I have 2 points, (x0,y0) (x1,y1) which form a line L. I found the slope M. Now I want to find 3 points between these 2 points that reside on L, that is between them in an accurate distance, meaning same distance between all points. If I measure the distance with the "-" char, it can be something like: p1---p2---p3---p4---p5 where p1 and p5 are my starting points.
First I thought about finding the slope by doing something like this:
def findSlope(p1, p2):
if (p1[0] - p2[0] != 0):
return (p1[1] - p2[1])/p1[0] - p2[0]
else:
return 0
This is pretty easy, but getting the actual points is not coming easy to me. I thought about doing something like this:
def findThreePoints(p1,p2):
slope = findSlope(p1,p2)
c = p1[1] - slope*p1[0]
x1 = (p1[0] + p2[0])/4
x2 = (p1[0] + p2[0])/2
x3 = (3*(p1[0] + p2[0]))/4
y1 = slope*x1 + c
y2 = slope*x2 + c
y3 = slope*x3 + c
While this approach works, it is not very nice coding style/efficiency, since if I want the function to give more than 3 points, I will need it to be much longer.

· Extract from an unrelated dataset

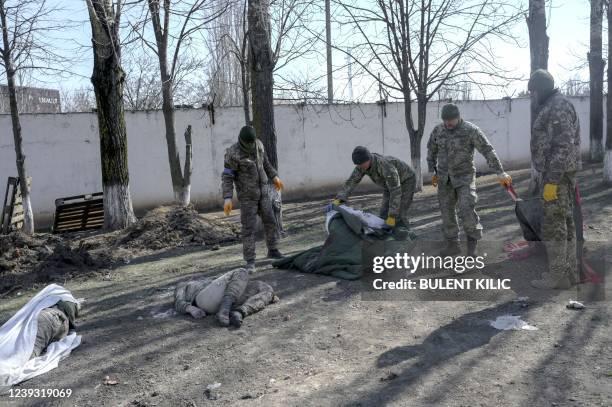 Graphic content / Ukrainian soldiers cover bodies of dead soldiers laying next to the military school hit by Russian rockets the day before, in...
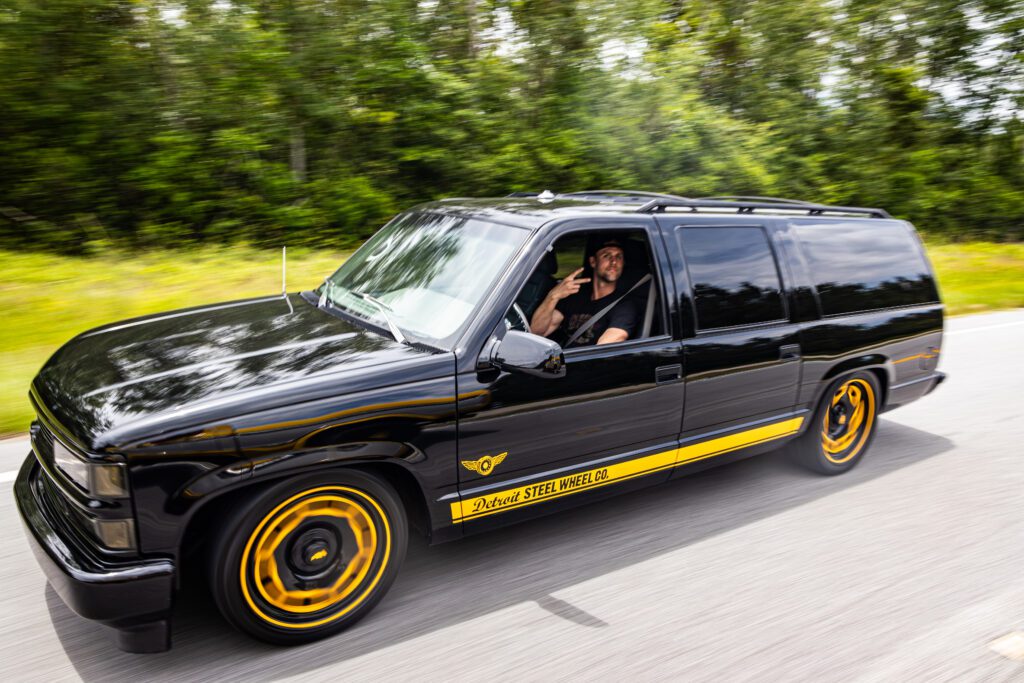 A man driving a black and yellow car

Is there any built in way to do this with Numpy, or just a more efficient approach to the matter, that does not make my code look like it was written for only a certain purpose?
As simple as it gets:
import numpy as np
#create the points
number_of_points=3
xs=np.linspace(x0,x1,number_of_points+2)
ys=np.linspace(y0,y1,number_of_points+2)
#print them
for i in range(len(xs)):
print (xs[i],ys[i])
And it also works for horizontal or vertical lines